Model 3 represents Baddeley’s (2000) four-factor model, which added an episodic buffer factor to the previous central executive, visuospatial sketchpad, and phonological loop factors. According to Baddeley (2007) he “proposed to explore the possibility that the executive had a purely attentional role, and was itself incapable of storage” (p. 12), but then needed to account for additional processing capacity observed in tasks that require both memory and processing, especially across different input codes (e.g. visual, auditory). Thus, Baddeley added the episodic buffer “…to form an interface between the three working memory subsystems and long-term memory” (p. 13). The episodic buffer was assumed to have its own temporary storage system and the capacity to bind information from visual, verbal, and perceptual codes with each other and with information held in long-term memory.

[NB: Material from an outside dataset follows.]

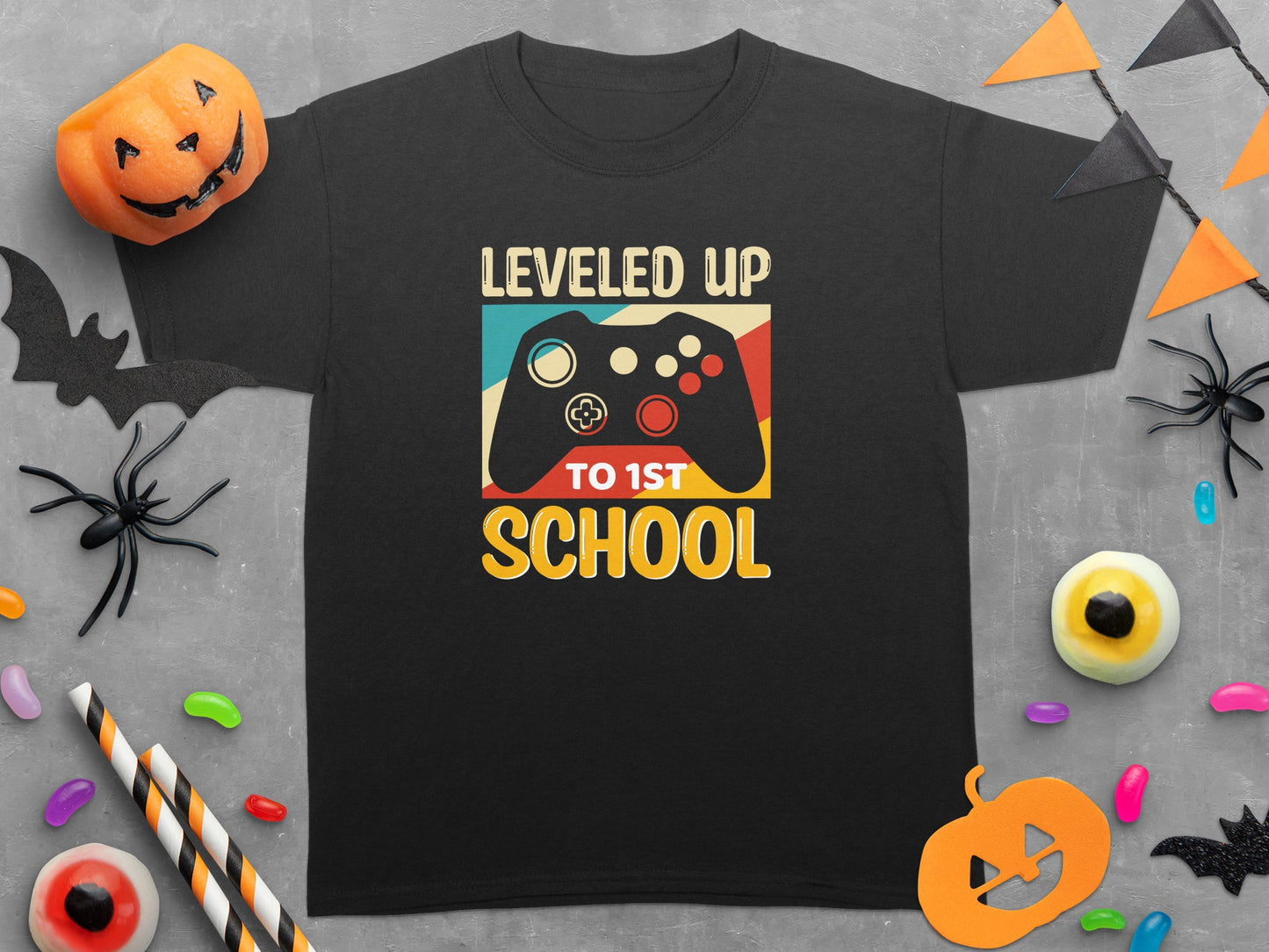 Black t-shirt with "Leveled Up To 1st School" and a vintage video game controller graphic.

With the addition of the episodic buffer, the model of Baddeley (2000) became somewhat similar to that of Cowan, 1988, Cowan, 1999 because Baddeley’s episodic buffer took on some of the same qualities as Cowan’s focus of attention, including retention of information that is neither purely phonological nor purely visual or spatial. The models are distinguishable, however, in at least three ways. First, Cowan saw the retention of items that are visual or spatial in nature as dependent on the focus of attention because visual “rehearsal,” or refreshment, is assumed not to be semi-automated, even in adults, unlike verbal rehearsal. Therefore, in contrast with Baddeley’s models, Cowan’s model anticipates a close relation between the central executive components and visual-spatial tasks, the latter being subsumed under the focus of attention. Second, Cowan’s model also predicts that it is possible for a verbal stimulus set to be subsumed by the focus of attention when verbal rehearsal is impossible. Such is the case for running digit span, in which digits are presented in a list of unpredictable length; that unpredictability appears to make mnemonic strategies such as rehearsal futile (Cowan et al., 2005, Hockey, 1973) and does not seem to allow much updating, either (Broadway and Engle, 2010, Elosúa and Ruiz, 2008); therefore, this kind of task is quite dependent on attention at the time of recall (Bunting, Cowan, & Colflesh, 2008). Baddeley’s (2000) model would not predict that this purely verbal stimulus type would load with visual-spatial tasks under the focus of attention, but rather would predict that its phonological nature would be the overriding characteristic and thus that the task would load on the phonological loop factor. Third, although Baddeley’s episodic buffer took on some of the functions of Cowan’s focus of attention, they are not the same. According to Baddeley (2007), information that involves the binding of information from diverse sources should load on the episodic buffer. According to Cowan, both types of information should be ascribed to Cowan’s focus of attention (e.g., Cowan, 2005). Accordingly, our measures included tasks that could test these differences between the theoretical models.

After determining the best-fitting working memory model we then added subtests from the Nonverbal Scale of the Kaufman Assessment Battery for Children – Second Edition (KABC-2; Kaufman & Kaufman, 2004) to assess the relationship between working memory factors, Gf and Gv. The addition of Gv allowed us to evaluate the differential predictability of the two intelligence factors from the working memory factors.

Our study also allowed a distinction between the roles of working memory storage in general, versus the focus of attention as a storage device. If storage drives the relationship between working memory and Gf, we would expect each of the working memory factors to be significant predictors of Gf because each includes storage tasks. Conversely, if the focus of attention as a special kind of storage device drives the relationship between working memory and Gf, we would expect a stronger relationship between the focus of attention factor and Gf than between the central executive and phonological storage and rehearsal factors and Gf.